Pa.C.S.A. §§ 9541-46, as untimely. Upon review, we affirm.

The instant PCRA petition filed by Appellant is his third PCRA petition.

This Court affirmed the denial of Appellant’s first PCRA petition on September

16, 1998, and our Supreme Court denied allocator on January 25, 1999. See

Commonwealth v. Reed, 735 A.2d 1269 (Pa. 1999); Commonwealth v.

Reed, 726 A.2d 1082 (Pa. Super. 1998). On November 8, 2010, this Court

affirmed the dismissal of Appellant’s second PCRA petition as untimely. See

Commonwealth v. Reed, 3553 EDA 2009 (Pa. Super. November 8, 2010) J-S79009-17

(unpublished memorandum). Appellant filed the instant PCRA petition, his

third, on August 7, 2012, raising a claim based upon Miller v. Alabama, 567

U.S. 460 (2012).1

On February 7, 2014, Appellant filed a supplemental petition challenging

his arrest and the lack of sentencing order. The PCRA court issued a

Pa.R.Crim. P. 907 notice on November 28, 2016. Appellant failed to respond

to this notice and the PCRA court dismissed Appellant’s petition on January

18, 2017. Appellant filed a timely notice of appeal on February 14, 2017. The

PCRA court did not order Appellant to file a Pa.R.A.P. 1925(b) statement.

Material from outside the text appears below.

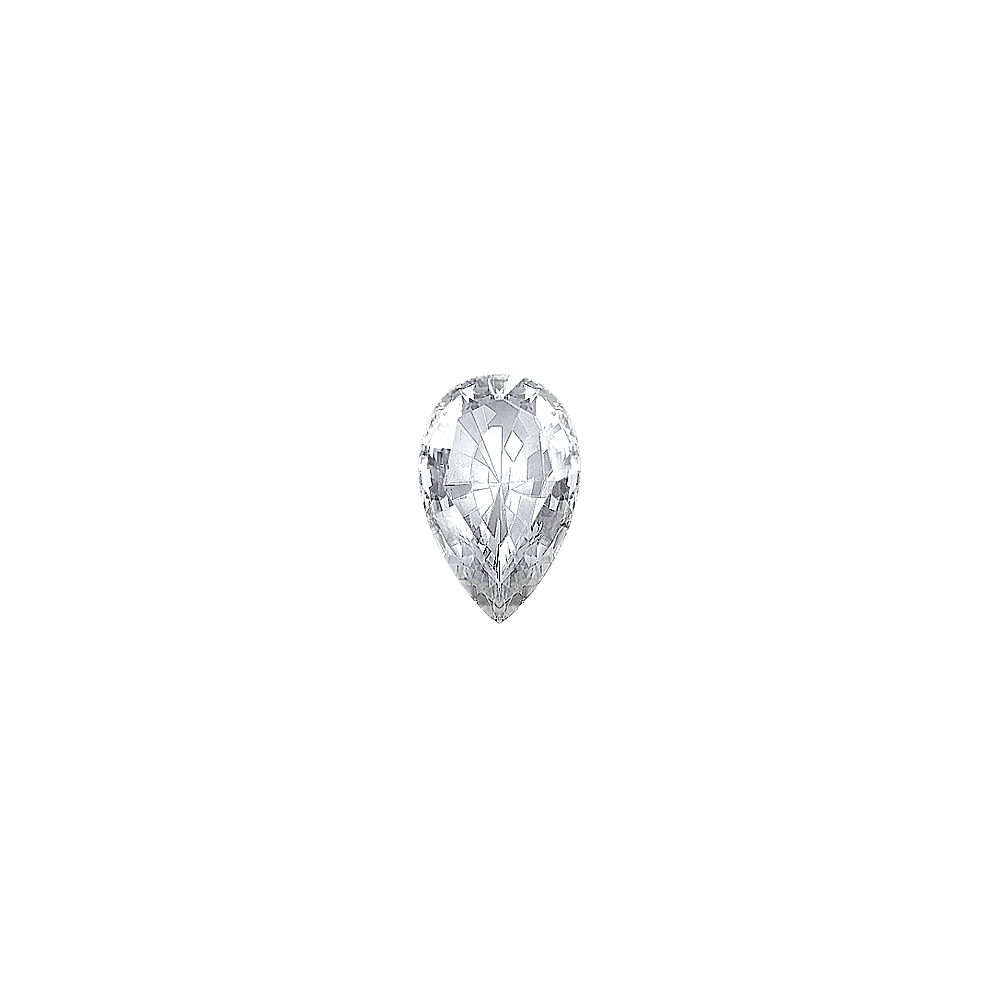 Pear White Natural Sapphire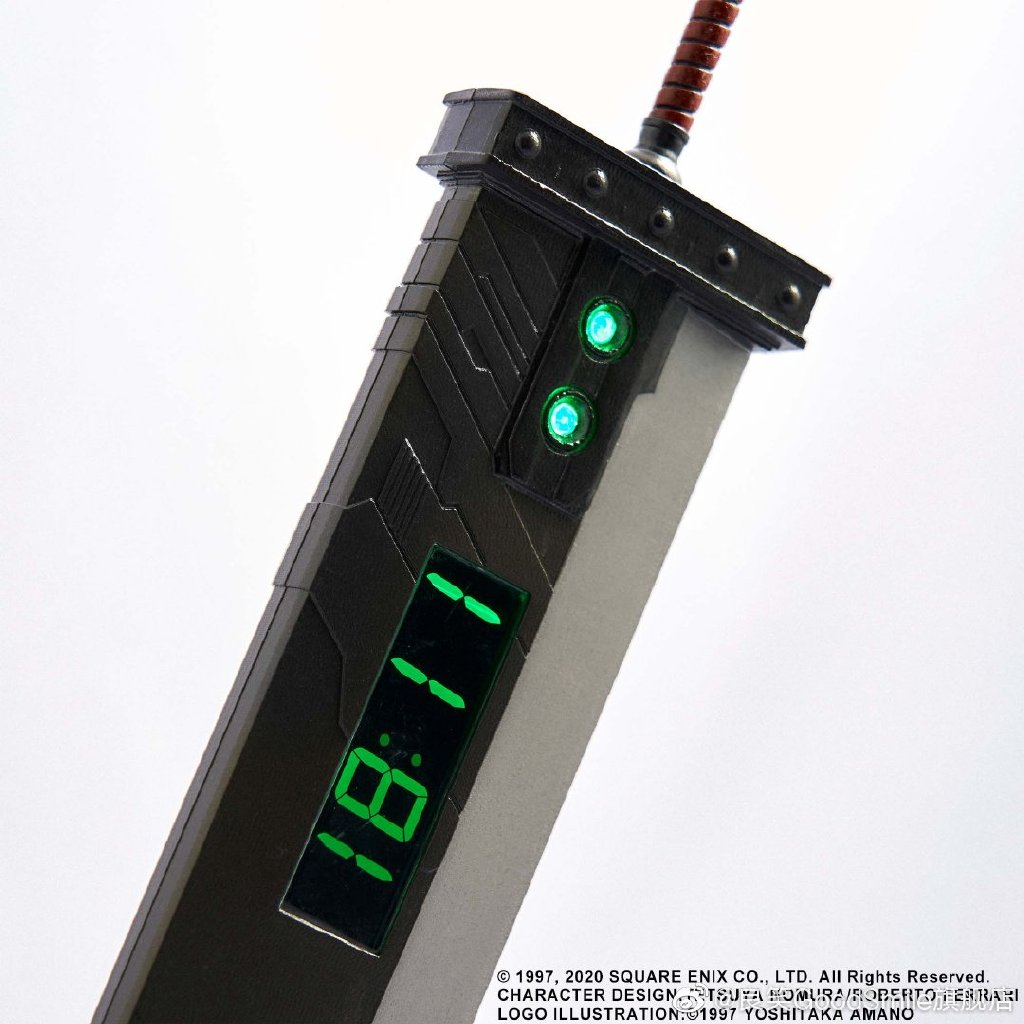 SE官方《最终幻想7：重制版》破坏剑闹钟售价1245元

Nevertheless, the PCRA court issued a Pa.R.A.P. 1925(a) opinion on March 10,

2016.

Appellant raises two issues on appeal, which we repeat verbatim.

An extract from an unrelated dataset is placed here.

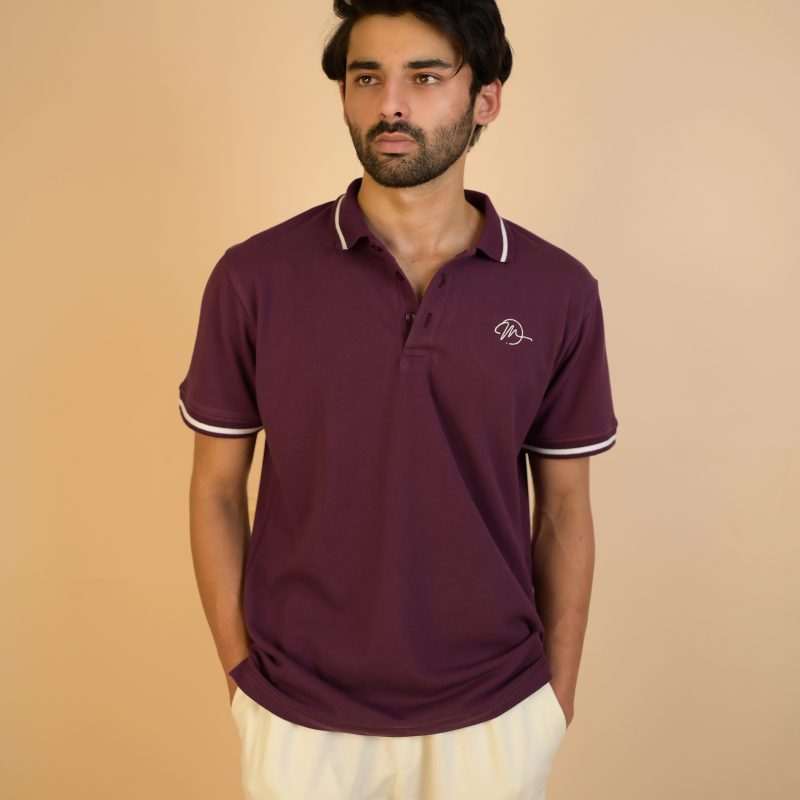 Vibe Purple Polo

[I.] Did the [PCRA court] err in it’s factual findings and conclusions of law when it rejected Appellant’s petition when he clearly met one of the exceptions to the time-bar under Pennsylvania Statute 42 Pa.C.S.A. § 9545(B)(1)(ii), which is the new/after discovered evidence exception?

[II.] Did the [PCRA court] err in it’s factual findings and conclusion of law when it ruled on an issue that sounds in habeas corpus relief instead of in a [PCRA] setting, when Appellant was challenging not his sentence but his confinement when raising the claim of a sentencing order?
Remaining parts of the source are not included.